Simona Aimar, an assistant professor in philosophy at University College London, added that while some male world leaders—think Donald Trump and Silvio Berlusconi—have risen to power with little political experience, it’s hard to see that happening to a woman. “In Italy, as elsewhere, a woman needs to prove herself more than a man,” Aimar told Fortune. “It’s hard to imagine that a woman candidate with little or no political experience could ever be taken as seriously as Trump and Berlusconi have.”
Meanwhile, when it comes to female representation in parliament, Italy has a decent record. According to the Inter-Paliamentary Union, Italy ranks 42nd out of 193 countries in terms of women’s legislative representation. Specifically, Italy’s lower house is 31% female, and its upper house is 28% women. That puts it far above the U.S., which ranks 99th, and ahead of every other G7 nation except for Germany at No. 24.

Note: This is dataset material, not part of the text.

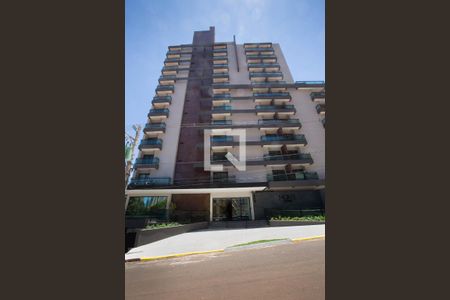 Studio para alugar com 39m², 1 quarto e 1 vagaFachada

Despite women’s presence in politics in Italy, no woman has ever been the leader of a major political party, Garavoglia of Brookings notes. Aimar says Italian parties are “hierarchically structured, and that hierarchy is currently patriarchal.” Historically, she adds, “Italian politics has not been structured for women, and biases and man-only camaraderie are rampant.”
In Italy’s political system, women still struggle to be taken seriously. In just one example, prior to the first round of mayoral voting in early June, Berlusconi, the former prime minister and media tycoon, refused to support Giorgia Meloni—a leading rightwing candidate for Rome’s mayor—because he said her pregnancy made her unfit for office, according to The Guardian.
For more evidence of sexism in Italy, recall the country’s eyebrow-raising, state-sponsored “Fertility Day,” which was held on Sept. 22 in an effort to promote family planning and parenthood.
The campaign aimed at upping Italy’s birth rate, which Health Minister Beatrice Lorenzin introduced, featured a series of 12 promotional images that were supposed to be encouraging but came off as oddly threatening and, alas, went viral for all the wrong reasons. According to Quartz, one featured an image of a woman holding an hourglass and said: “Beauty has no age. But fertility does.”